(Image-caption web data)
------------------------
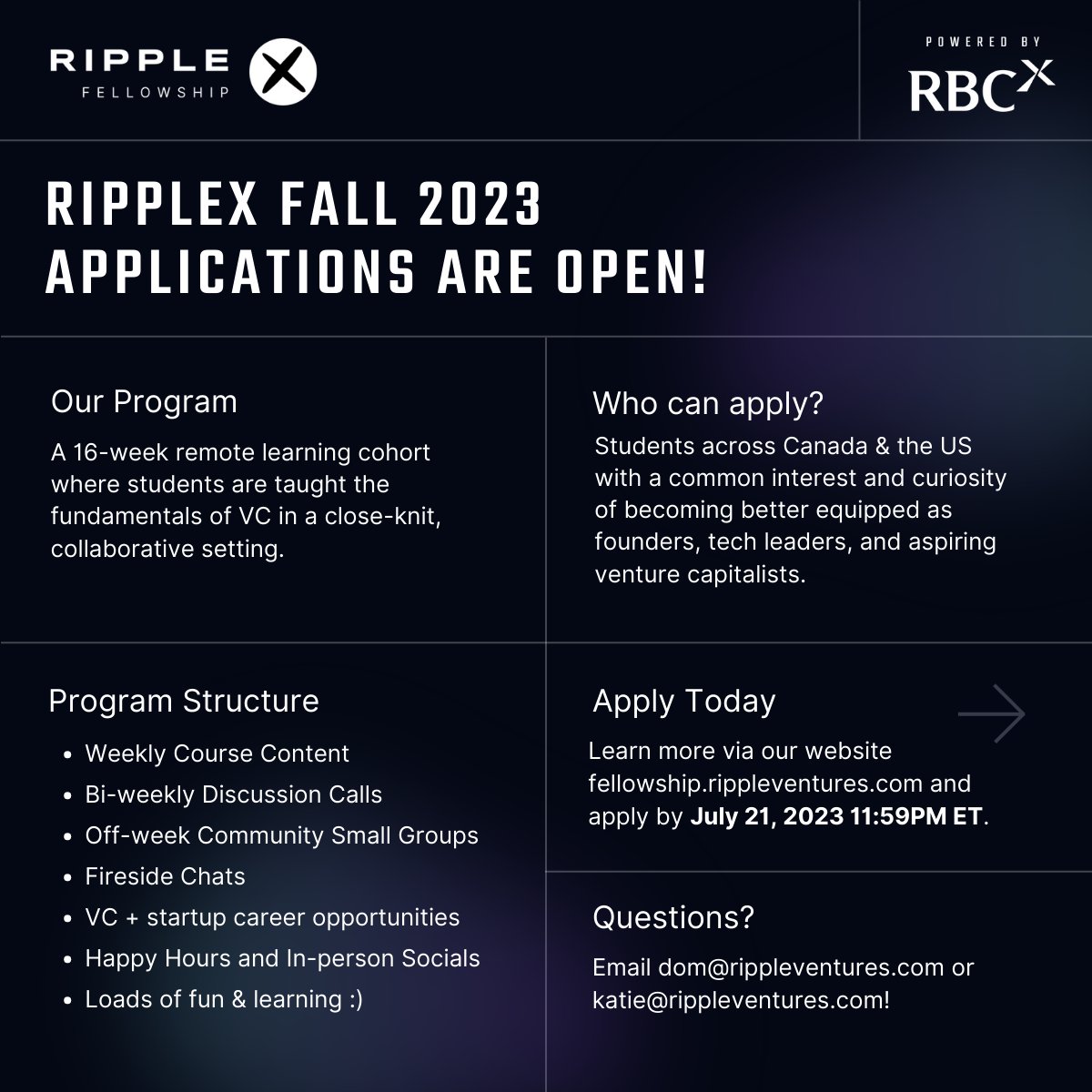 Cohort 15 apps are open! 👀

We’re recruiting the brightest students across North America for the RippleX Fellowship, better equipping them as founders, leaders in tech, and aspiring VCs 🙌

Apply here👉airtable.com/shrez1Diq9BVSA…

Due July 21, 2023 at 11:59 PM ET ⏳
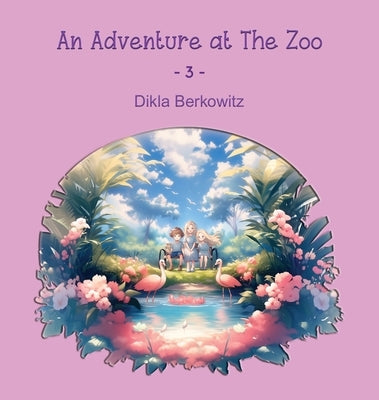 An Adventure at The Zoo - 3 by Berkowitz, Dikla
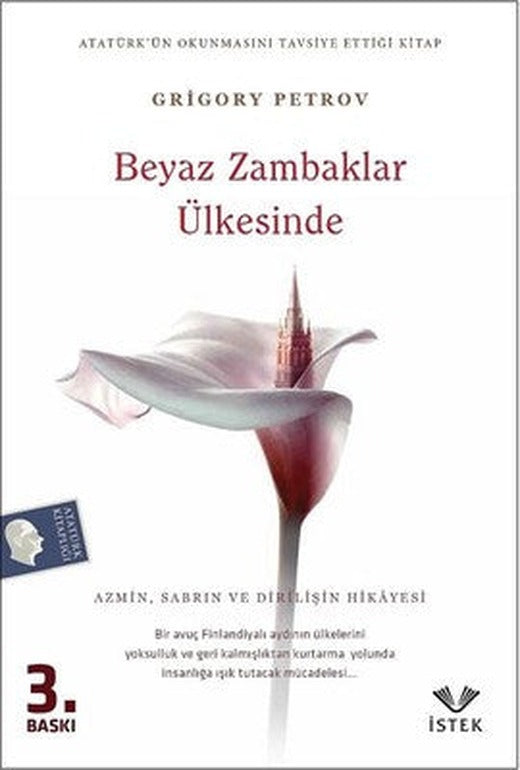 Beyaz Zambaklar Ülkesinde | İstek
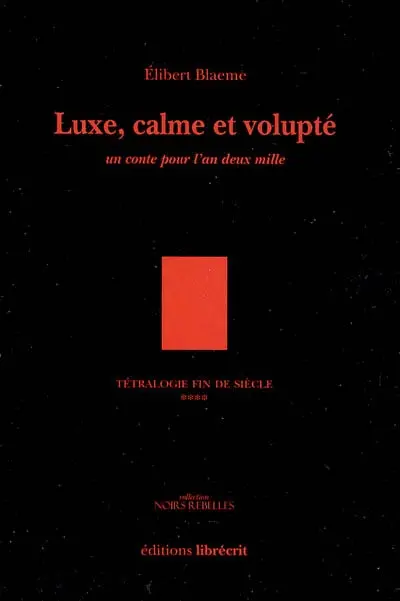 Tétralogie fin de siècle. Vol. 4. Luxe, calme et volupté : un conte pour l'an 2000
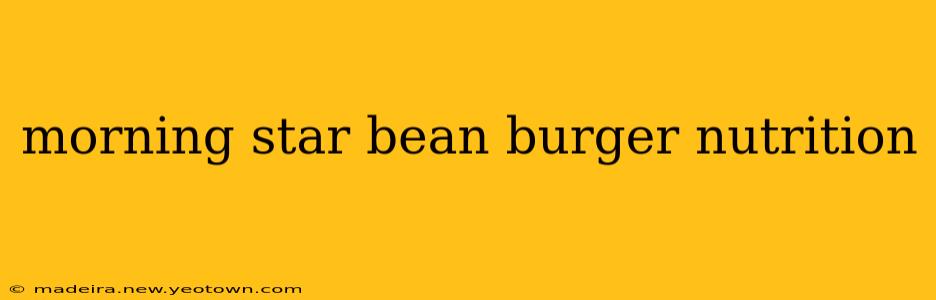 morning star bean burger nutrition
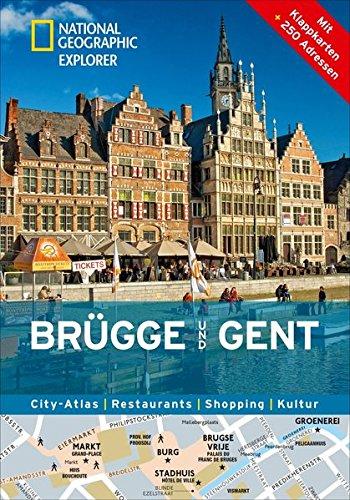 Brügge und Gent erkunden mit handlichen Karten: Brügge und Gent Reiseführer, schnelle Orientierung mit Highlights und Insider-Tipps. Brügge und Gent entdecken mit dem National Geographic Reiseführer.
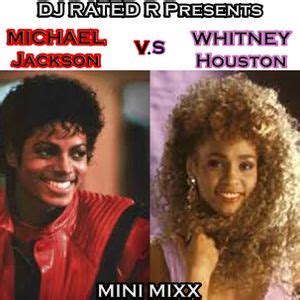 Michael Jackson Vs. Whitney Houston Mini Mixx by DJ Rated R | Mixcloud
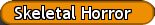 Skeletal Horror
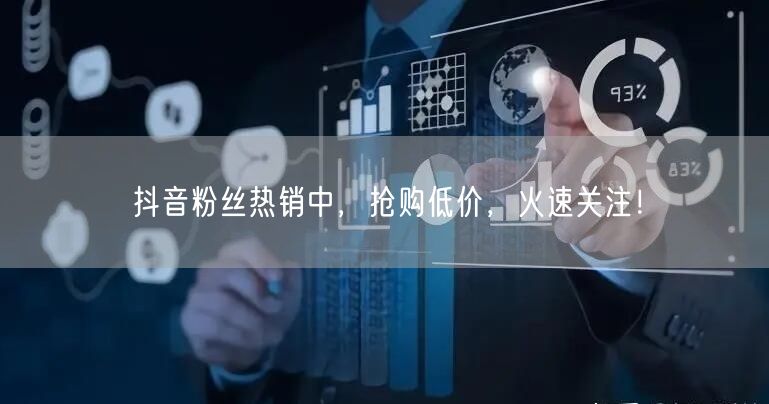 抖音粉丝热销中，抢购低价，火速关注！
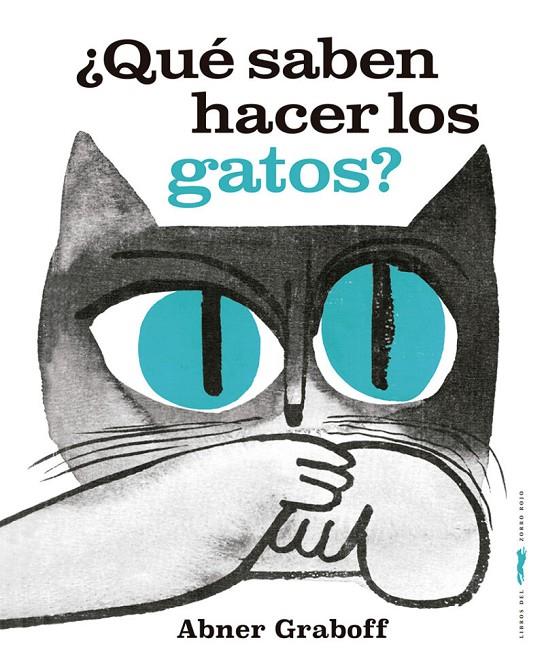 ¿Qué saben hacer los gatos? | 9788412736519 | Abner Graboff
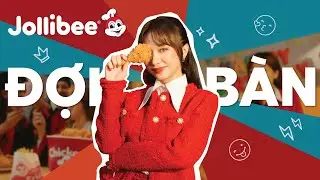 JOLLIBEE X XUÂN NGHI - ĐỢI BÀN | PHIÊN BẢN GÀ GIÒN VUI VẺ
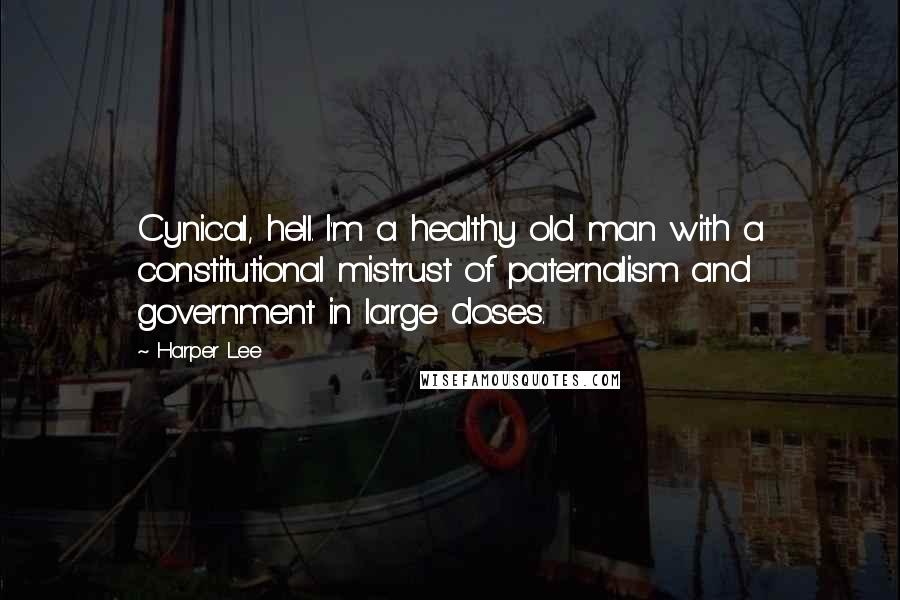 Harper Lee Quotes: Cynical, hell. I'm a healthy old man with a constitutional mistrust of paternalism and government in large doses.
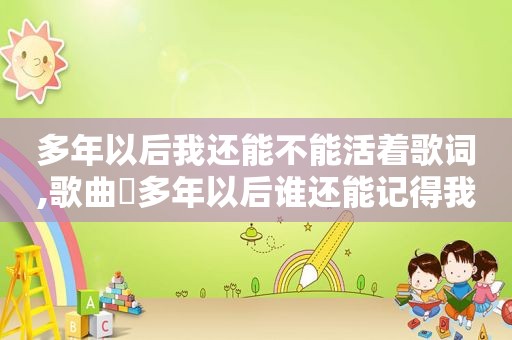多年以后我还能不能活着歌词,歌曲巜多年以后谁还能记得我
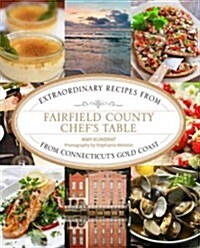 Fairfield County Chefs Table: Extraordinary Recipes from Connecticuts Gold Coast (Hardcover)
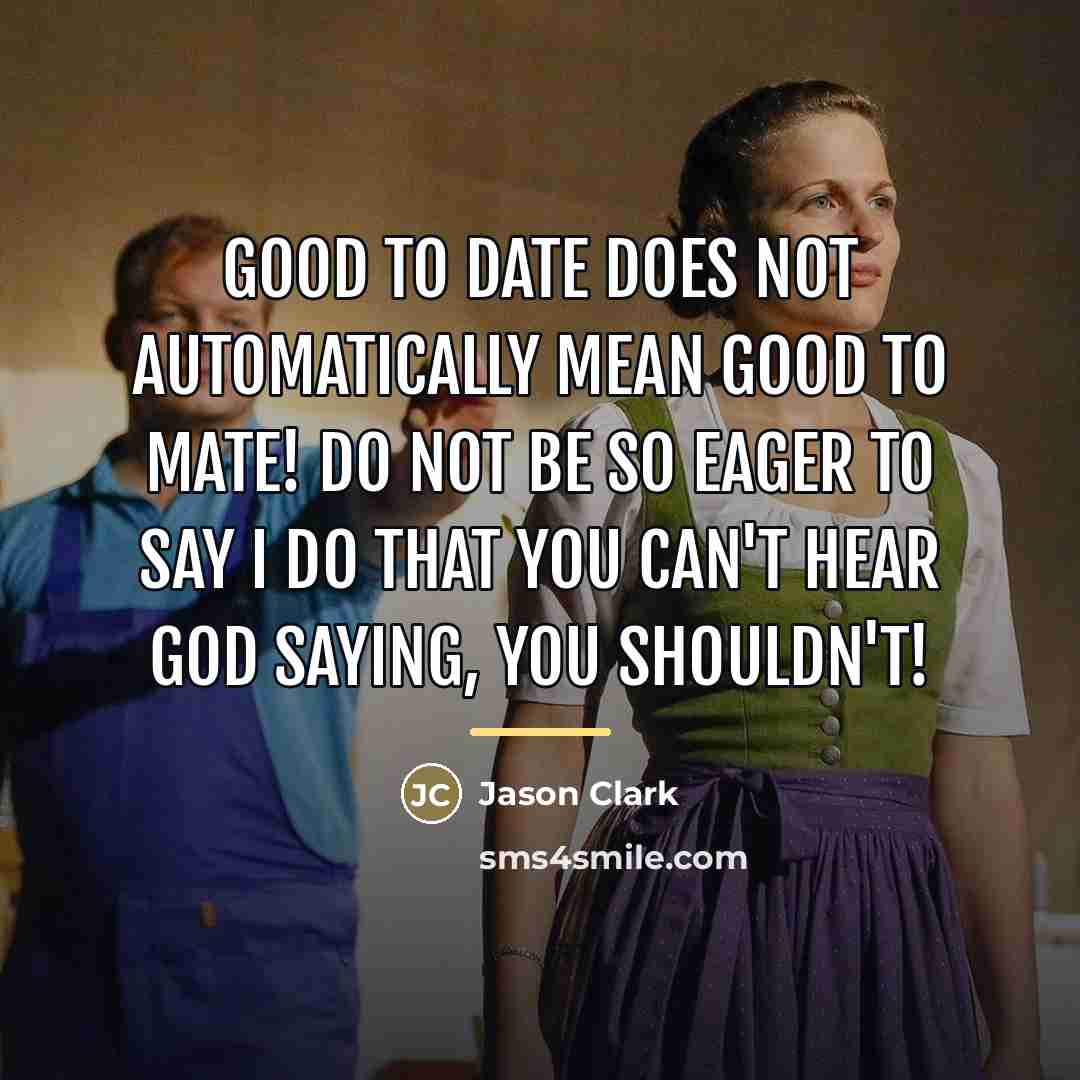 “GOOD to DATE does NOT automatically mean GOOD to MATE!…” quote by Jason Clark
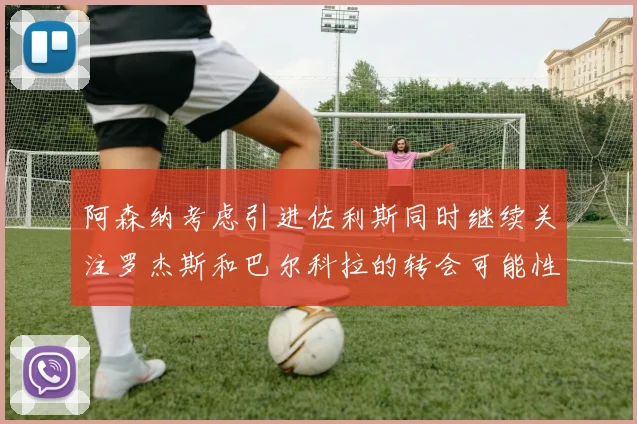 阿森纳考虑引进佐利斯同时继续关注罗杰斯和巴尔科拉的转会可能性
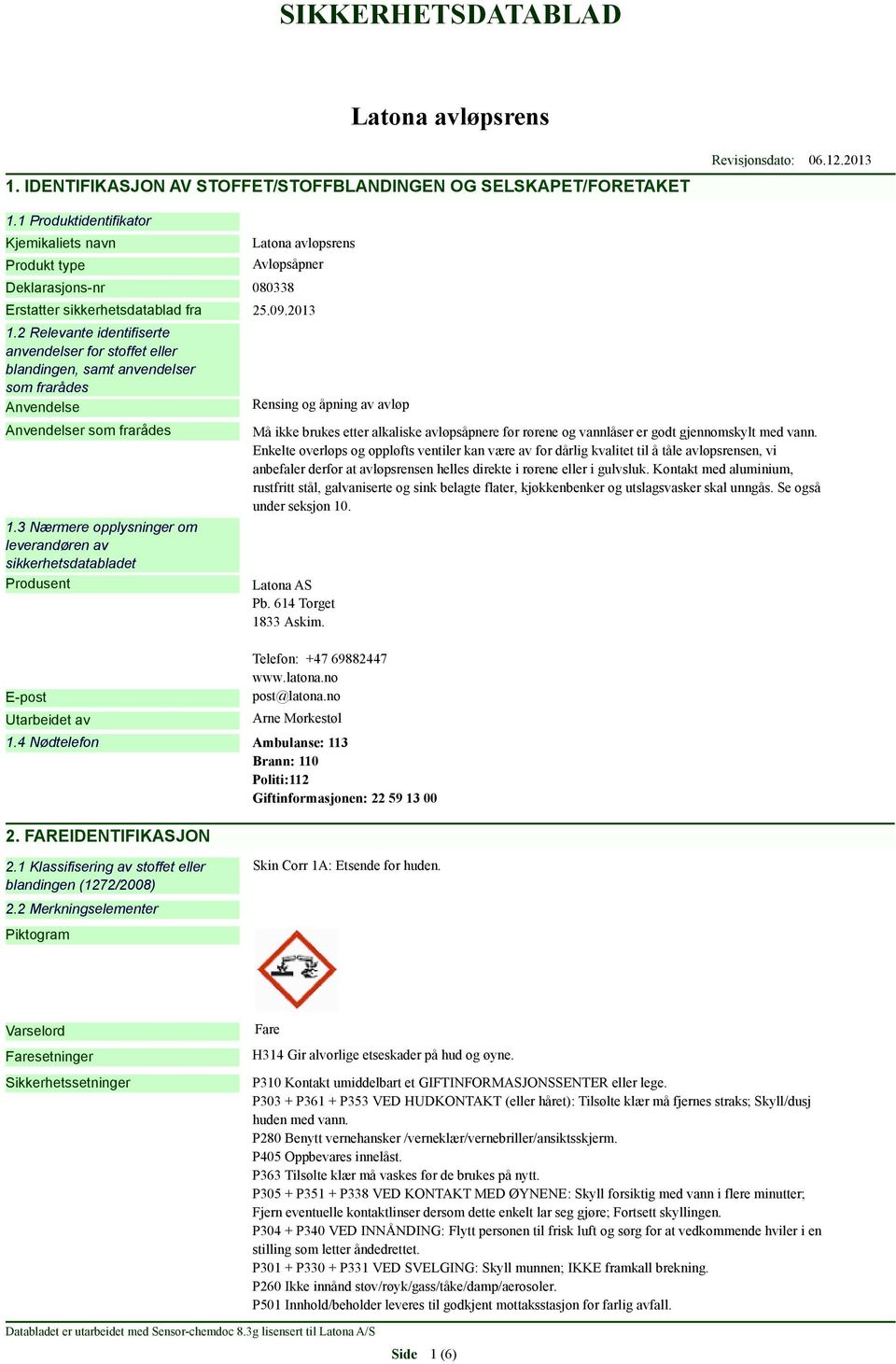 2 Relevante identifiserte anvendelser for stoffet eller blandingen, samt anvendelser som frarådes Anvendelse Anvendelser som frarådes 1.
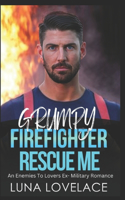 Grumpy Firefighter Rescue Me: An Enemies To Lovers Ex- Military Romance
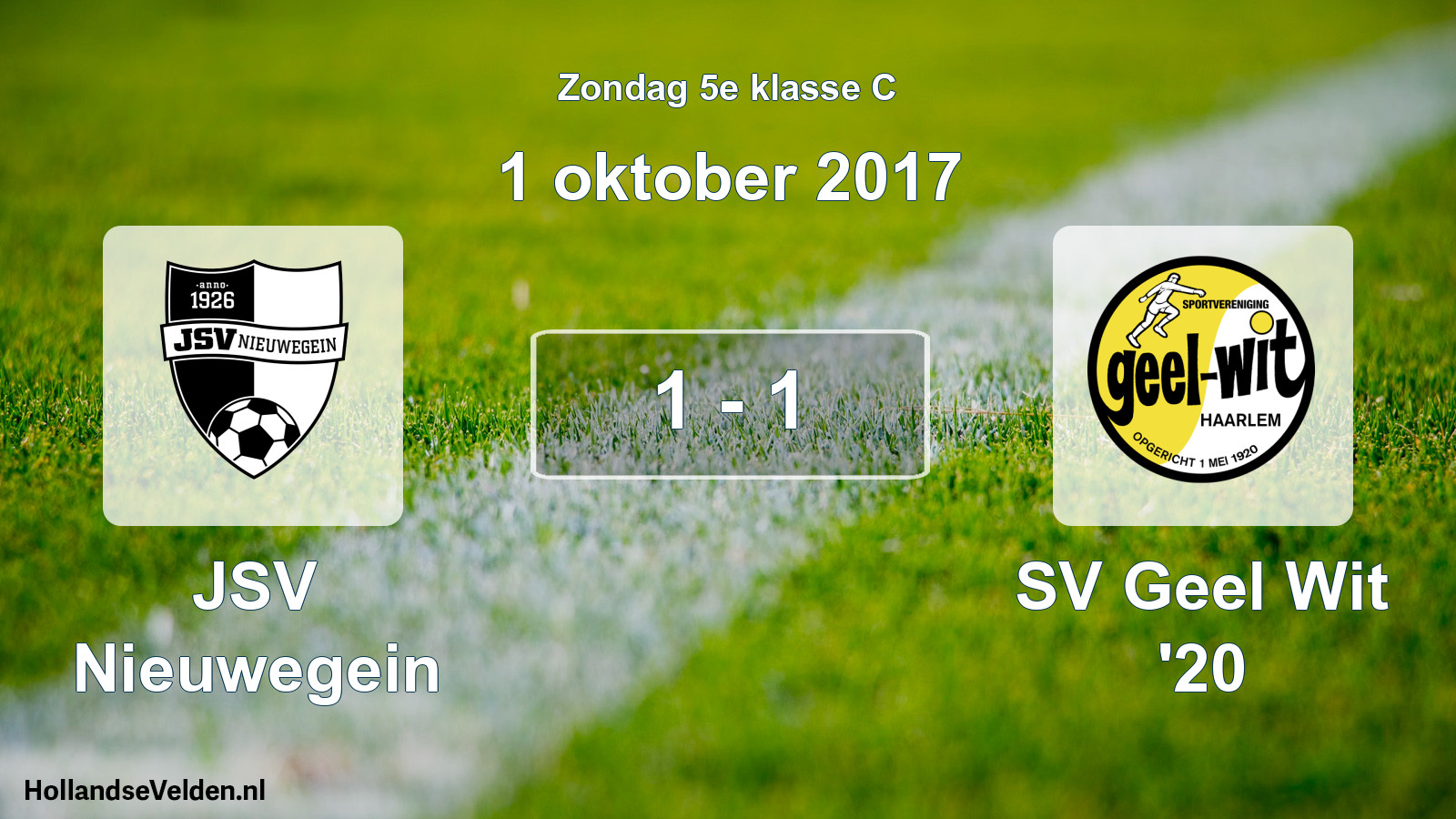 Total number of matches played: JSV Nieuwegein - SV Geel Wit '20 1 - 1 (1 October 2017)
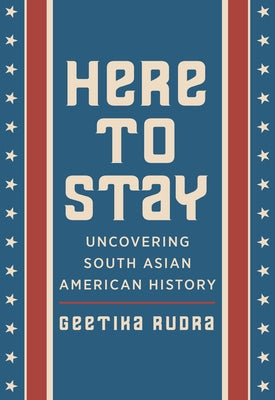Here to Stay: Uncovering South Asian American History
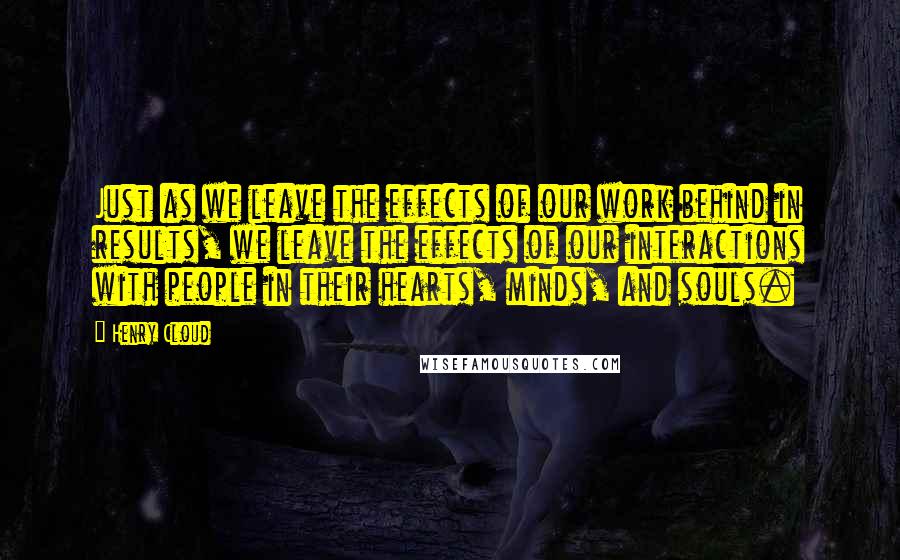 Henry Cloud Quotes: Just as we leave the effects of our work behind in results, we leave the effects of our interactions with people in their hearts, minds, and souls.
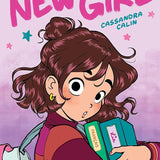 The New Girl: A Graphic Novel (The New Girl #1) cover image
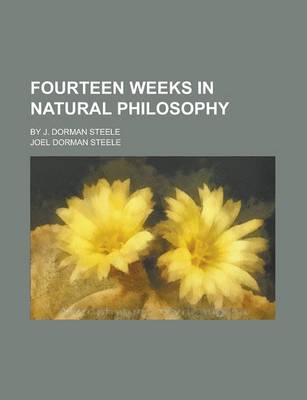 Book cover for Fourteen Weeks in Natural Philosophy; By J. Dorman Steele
------------------------
Work to be completed: Using the entries above, transcribe every line from the line containing "R | Mixcloud" through the line containing "多年以后我还能不能活着歌词,歌曲巜多年以后谁还能记得我". Do not copy pictures.

Task response:
 Michael Jackson Vs. Whitney Houston Mini Mixx by DJ Rated R | Mixcloud
 Skeletal Horror
 抖音粉丝热销中，抢购低价，火速关注！
 ¿Qué saben hacer los gatos? | 9788412736519 | Abner Graboff
 JOLLIBEE X XUÂN NGHI - ĐỢI BÀN | PHIÊN BẢN GÀ GIÒN VUI VẺ
 Harper Lee Quotes: Cynical, hell. I'm a healthy old man with a constitutional mistrust of paternalism and government in large doses.
多年以后我还能不能活着歌词,歌曲巜多年以后谁还能记得我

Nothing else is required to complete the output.